Repeat every line from the line containing "Everest Refrigeration ESR2" to the end of the data, exactly. Leave the pictures out.

Stored dataset items:
* * * *
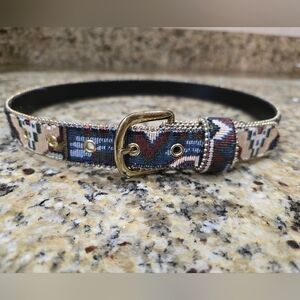 Women's Vintage 80's Elite Tapestry Waist Belt Gold Hardware, Size S 28 Inches
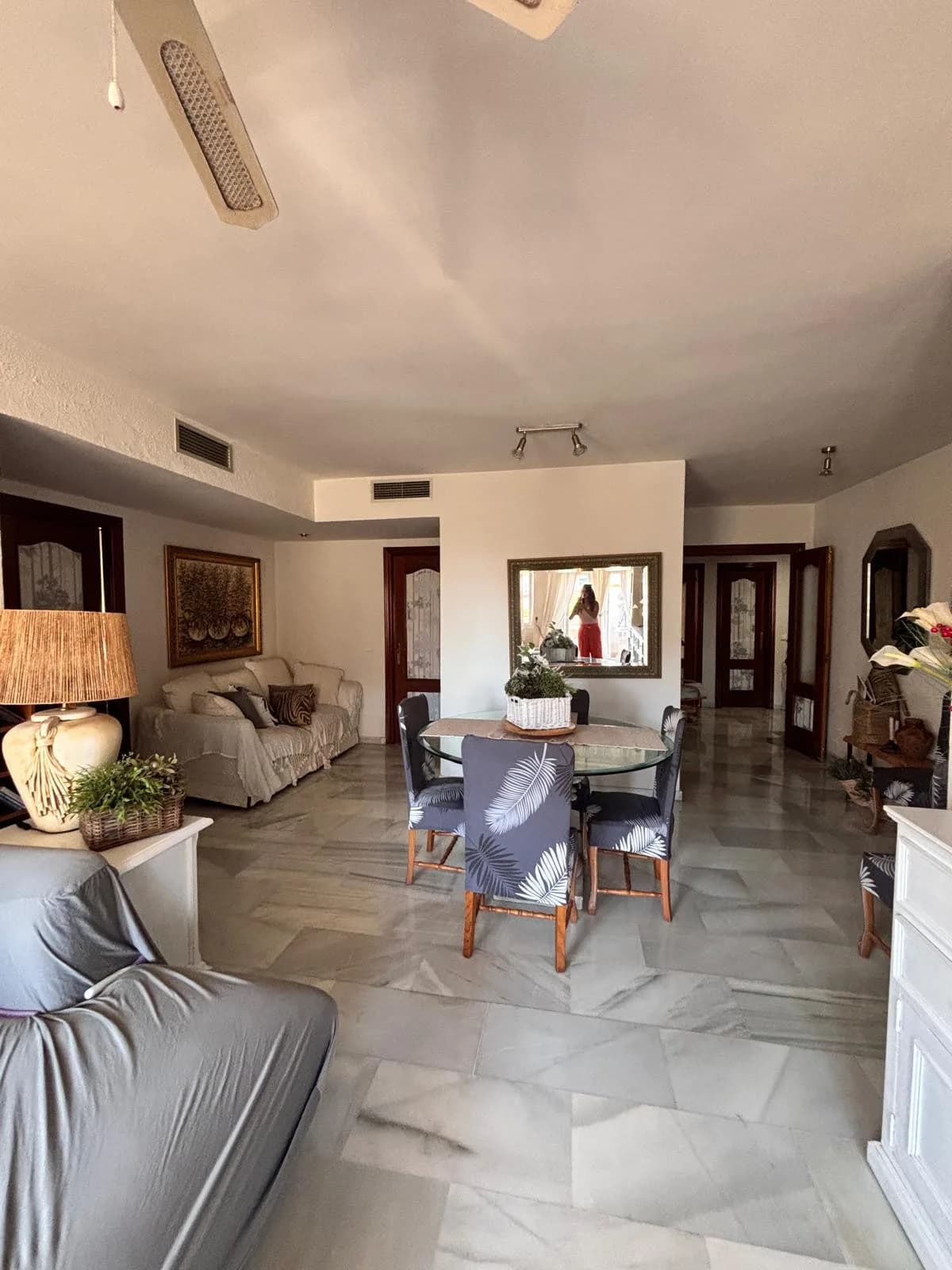 3 Bedroom Middle Floor Apartment for Sale in Marbella, Málaga - Image 7
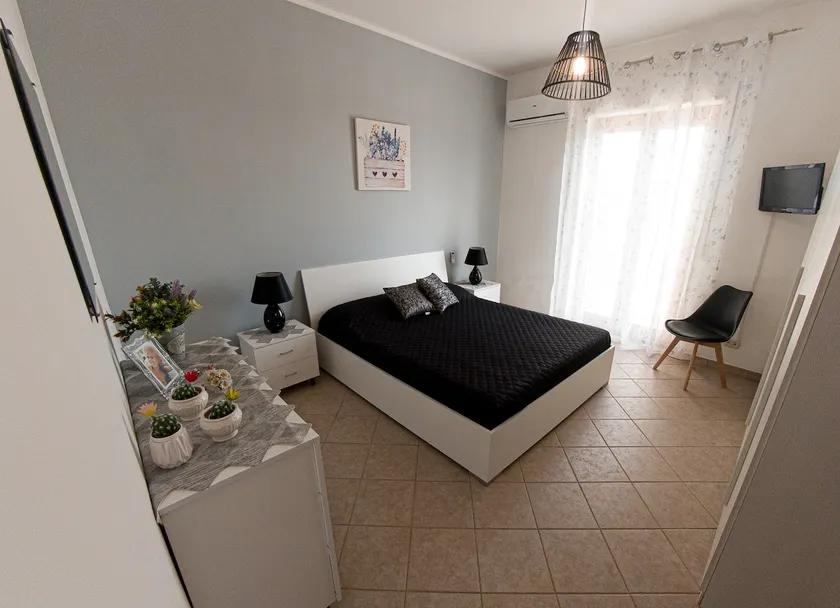 Deep Sea Residence - Image 1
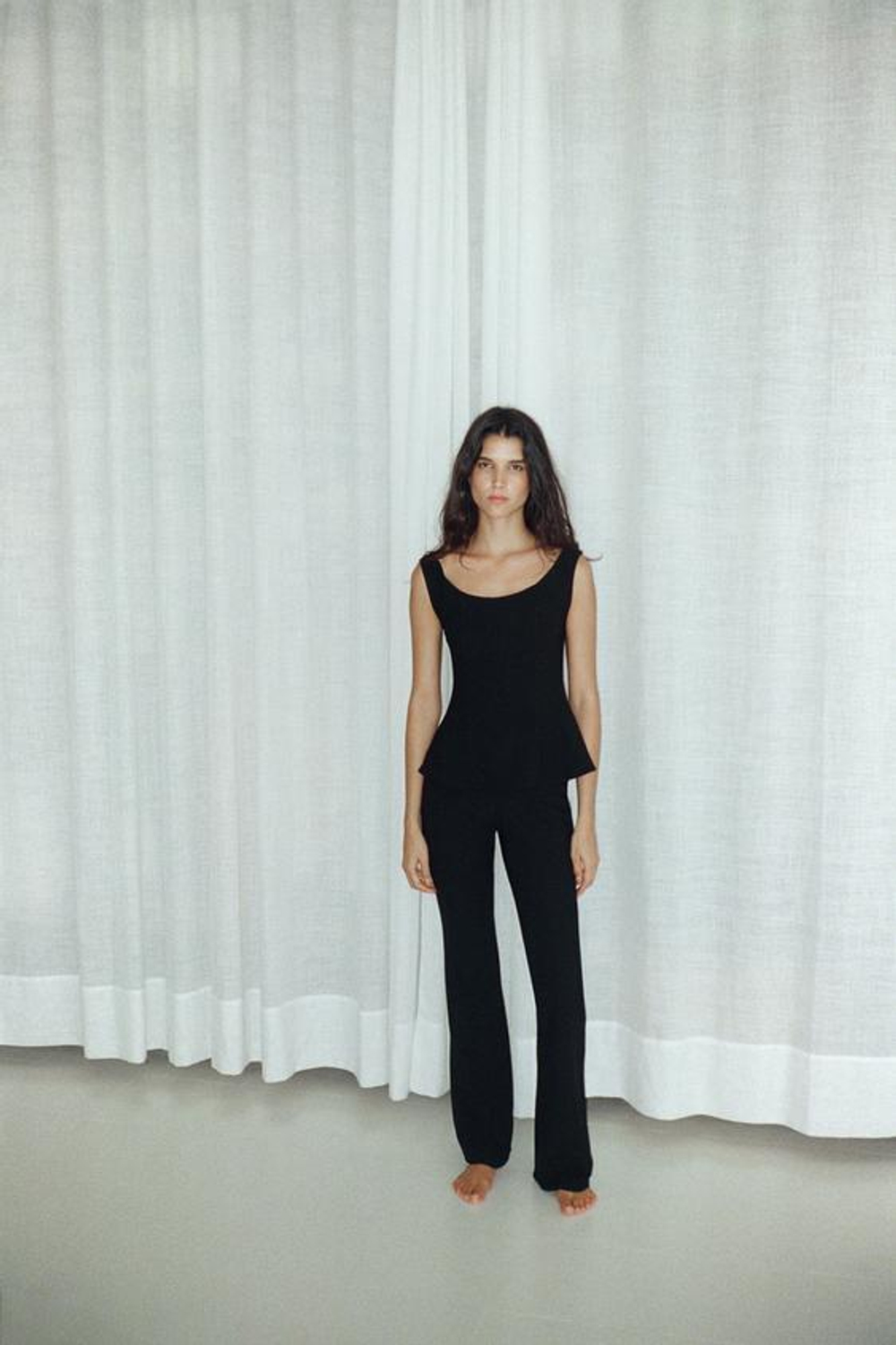 ZARA БРЮКИ FLARE ИЗ КРЕПА, ЧЕРНЫЙ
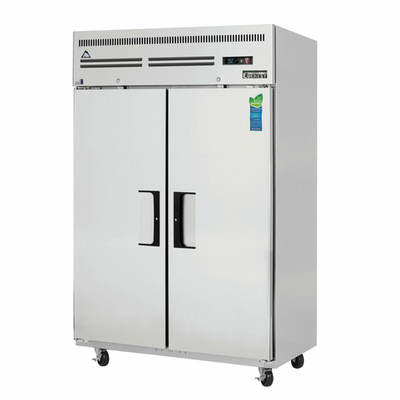 Everest Refrigeration ESR2 49.63" W Two-Section Reach In Refrigerator - 115 Volts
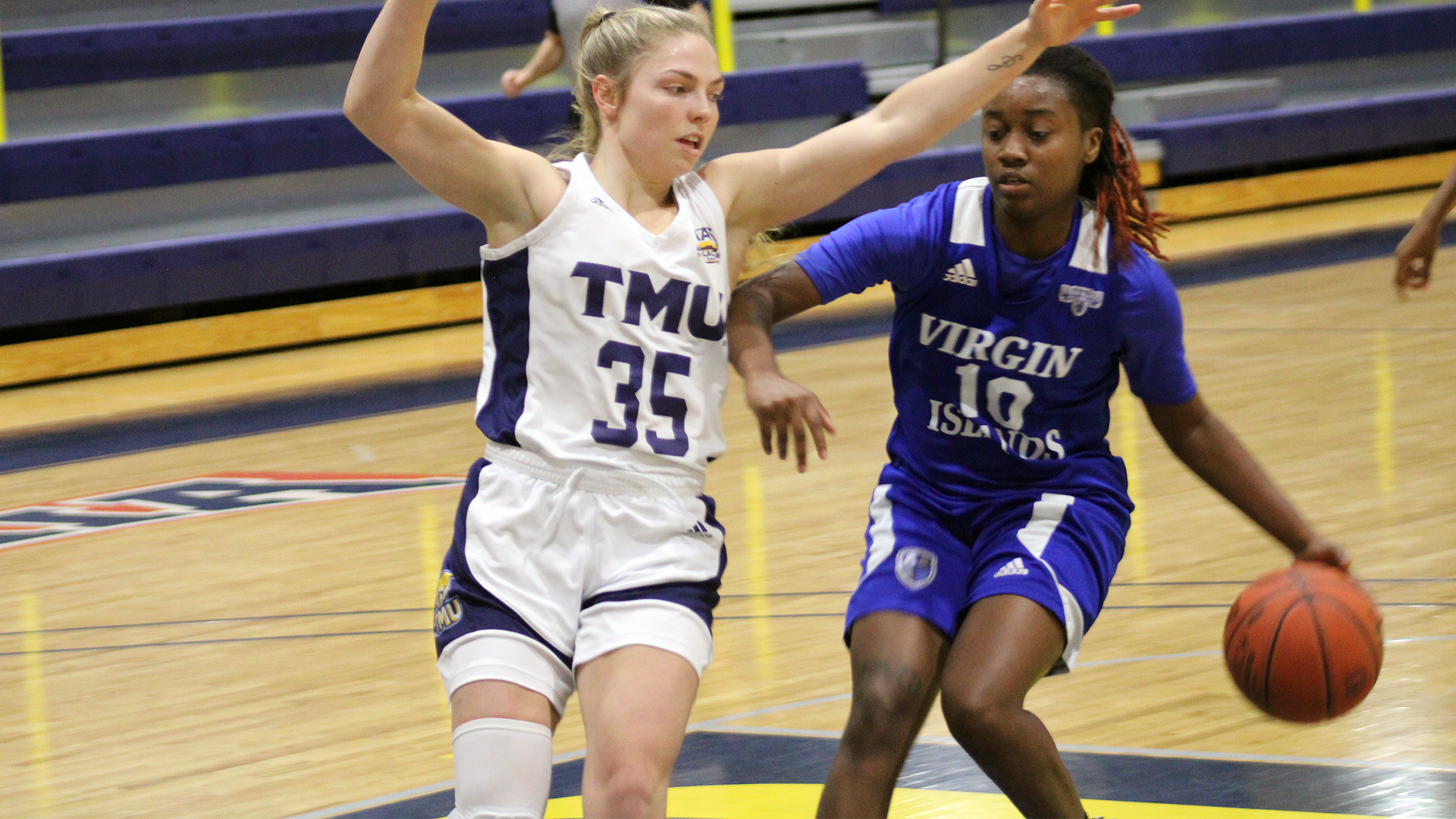 Appiah-Kubi and Bucs Shine In Dominant Fourth Quarter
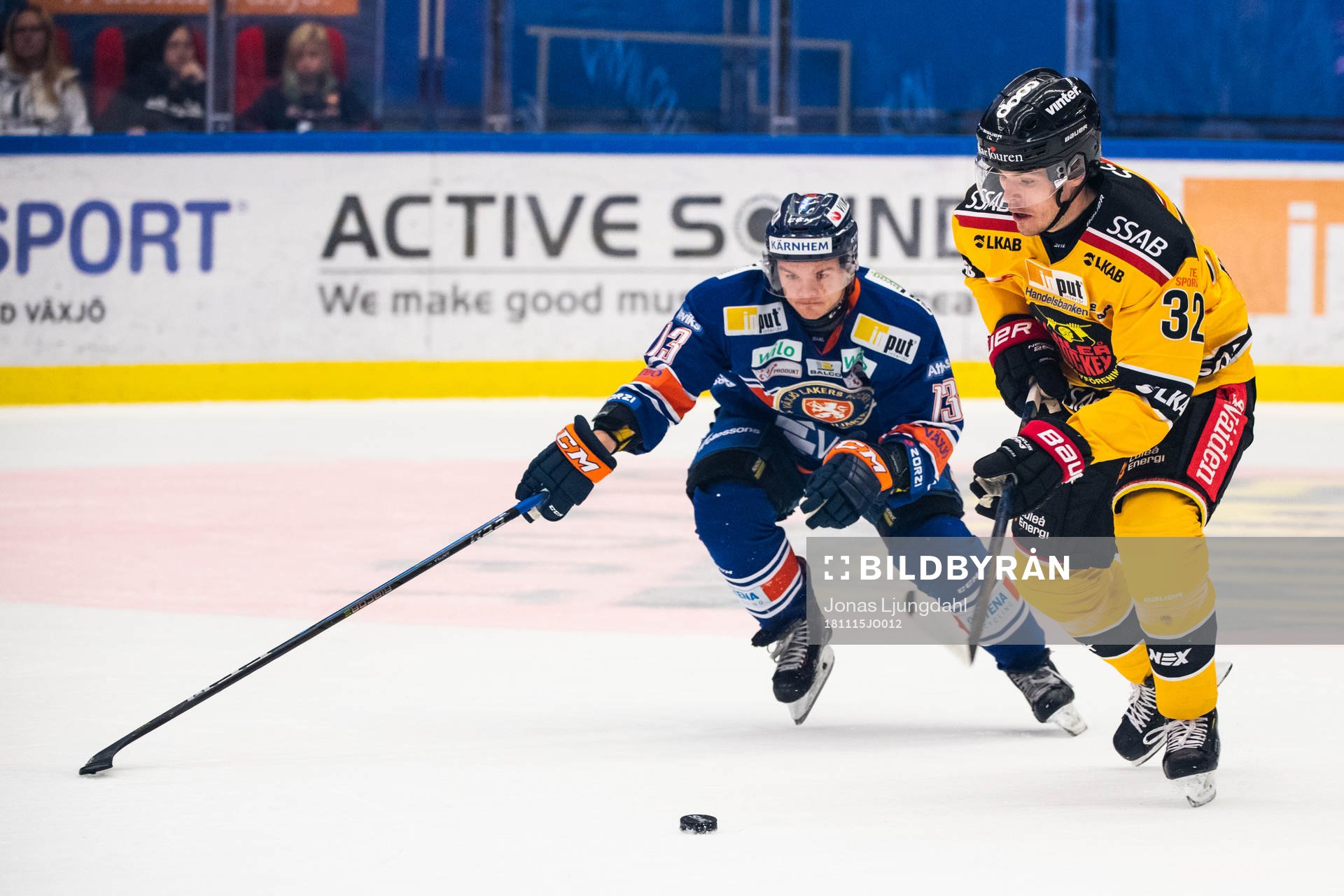 Växjös Julius Junttila och Luleås Oscar Engsund i kamp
* * * *
(RESULT FOR THIS TASK):
 Everest Refrigeration ESR2 49.63" W Two-Section Reach In Refrigerator - 115 Volts
 Appiah-Kubi and Bucs Shine In Dominant Fourth Quarter
 Växjös Julius Junttila och Luleås Oscar Engsund i kamp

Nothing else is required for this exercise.